Consciousness Assessment
Alice Maio Mackay's "The Serpent's Skin" arrives pre-classified. The director, a 21-year-old Australian filmmaker of notable productivity and explicit political purpose, has described this as a transgender film, which is not a genre designation but a mission statement. The horror scaffolding, demons, possessions, mounting bodies, is largely a delivery mechanism for a portrait of queer identity under pressure. This is not a criticism. It is simply the thing the film is, stated plainly, before we proceed.
The premise is clean enough: two young women discover supernatural powers, release a demon through the ordinary psychic turbulence of insecurity and unresolved pasts, and must destroy it. The romantic lead is Anna, a trans woman played by Alexandra McVicker in her first role since transitioning, escaping a transphobic hometown to build something new in the city. Her love interest is a goth tattoo artist named Gen. The demon, one suspects, is not merely a demon. Reviewers have confirmed this suspicion at length. The film draws its bloodline from Buffy the Vampire Slayer and the films of Gregg Araki, a lineage that signals campy sincerity over dread, and the result is, by critical consensus, warm rather than frightening. The scares are present but secondary. The feelings are primary and know it.

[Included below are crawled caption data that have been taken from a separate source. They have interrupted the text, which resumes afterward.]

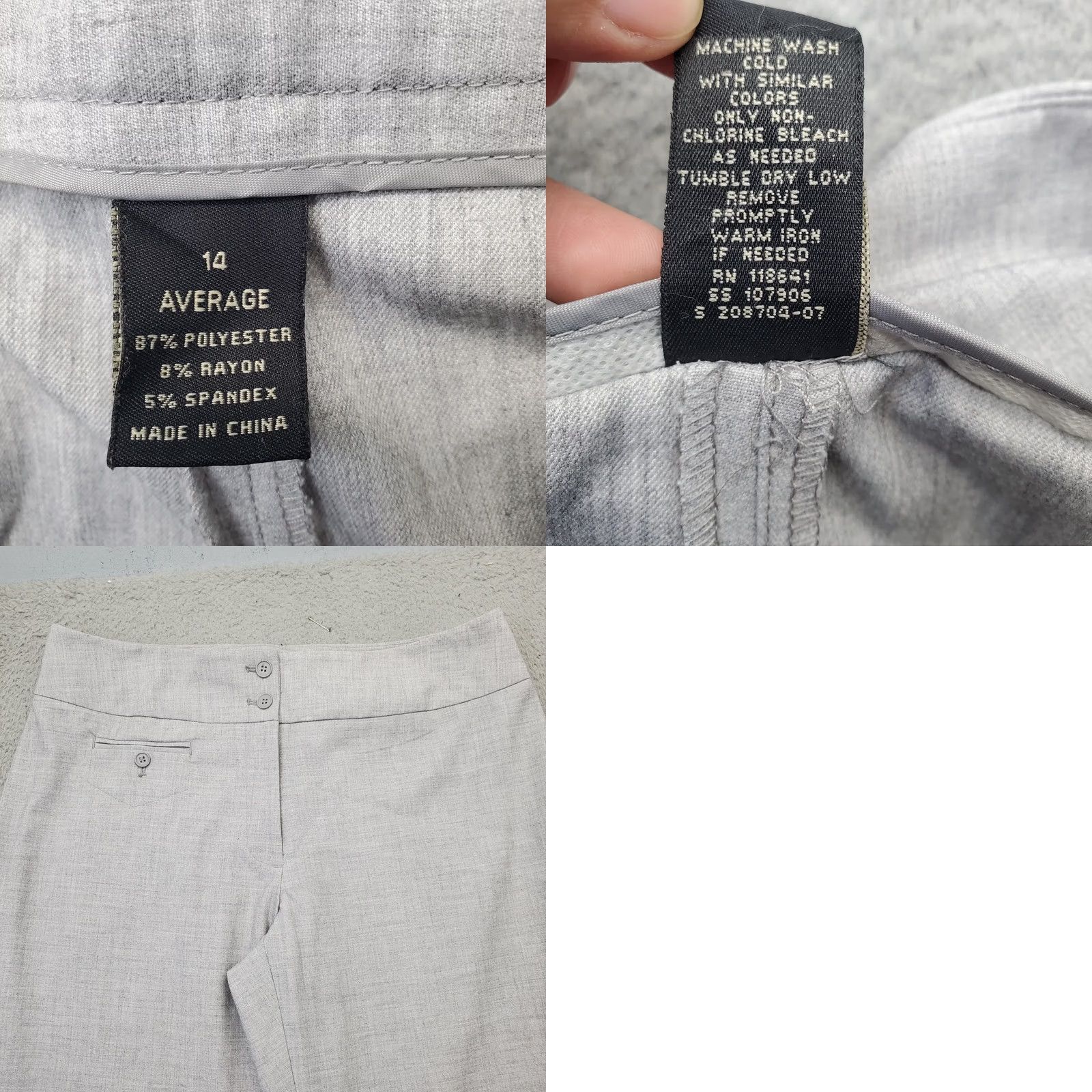 Vintage Lane Bryant Pants Womens 14 Gray Stretch Flat Front Bootcut Leg 2 Button Fly Shirt Pants Womens Size 14 Gray Bootcut Mens Womens Girls Boys Size 36" / US 14 / IT 50 - 8 Thumbnail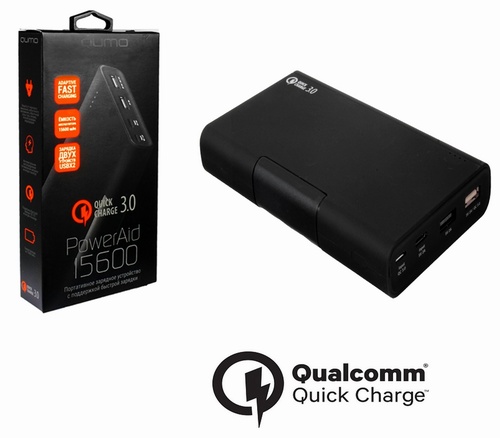 Переносное Зарядное устройство Power bank 5V 2A/9V 2A 15600mAh with 2 USB out Qumo USB 3.0 Type-C QC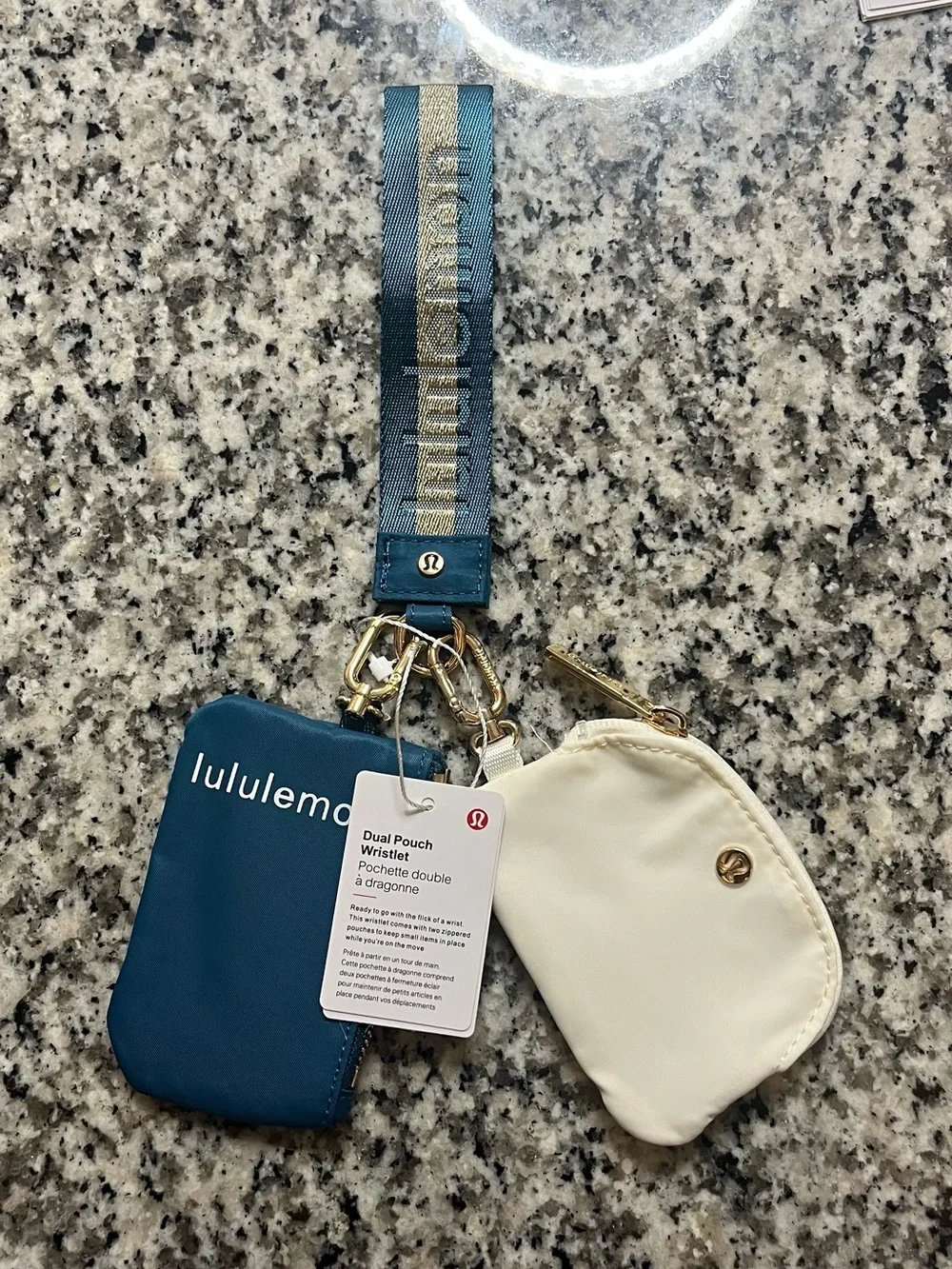 lululemon athletica Dual Pouch Wristlet in Teal and Cream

What gives the film its peculiar texture is the combination of genuine indie conviction and the weight of its own earnestness. Mackay is not making exploitation cinema or a prestige awards vehicle. She is making, with apparent care, the film she wishes had existed for her. That is a legitimate artistic impulse. It also produces, in places, a lecture energy that critics have politely described as the film's focus on "responsibility." The demon does not merely threaten lives. It threatens identity, community, and the hard-won sense of self that the narrative has spent considerable time establishing. The film understands this. It would like you to understand it too. It will wait.
Analysis generated by our Consciousness Algorithm
Consciousness Markers
The lead, Alexandra McVicker, is a trans actress playing a trans character, and the film was explicitly constructed around this casting as a central artistic and political statement. The director has publicly framed the project as a 'transgender film,' making representation not incidental but the entire premise.
The film is, by any reasonable measure, a document of LGBTQ+ experience first and a horror film second. It centers a trans protagonist, a sapphic romance, and a narrative arc structured around the psychological and social costs of queer identity in a hostile world.
Two women discover supernatural powers, face down demonic forces, and are the sole agents of salvation in a story that pointedly sidelines male characters. The horror genre's oldest trope, female victimhood, is here inverted with some deliberateness.
No evidence of racial consciousness as a foregrounded theme. The film's identity politics are organized entirely around gender and sexuality.
No climate themes are present or implied in any available materials.
The protagonist escaping a small, presumably conservative hometown for urban life carries faint anti-provincial undertones, but no explicit anti-capitalist critique is evident in the film's themes or marketing.
A trans character navigating her body and identity is inherently adjacent to body politics, and reviewers note the film addresses 'imposed trans guilt' directly. This is not body positivity in the gym-selfie sense, but it touches the same nerve.
No neurodivergence themes are present or referenced in any available materials.
The film is a contemporary supernatural horror story with no historical setting or revisionist intent.
Critics describe the film as 'focusing less on scares than on the sense of responsibility which seems naturally to arise just from being different,' which is a generous way of saying the film pauses the demon attacks to make sure the audience has absorbed its feelings. The messaging is present, earnest, and not always subtle.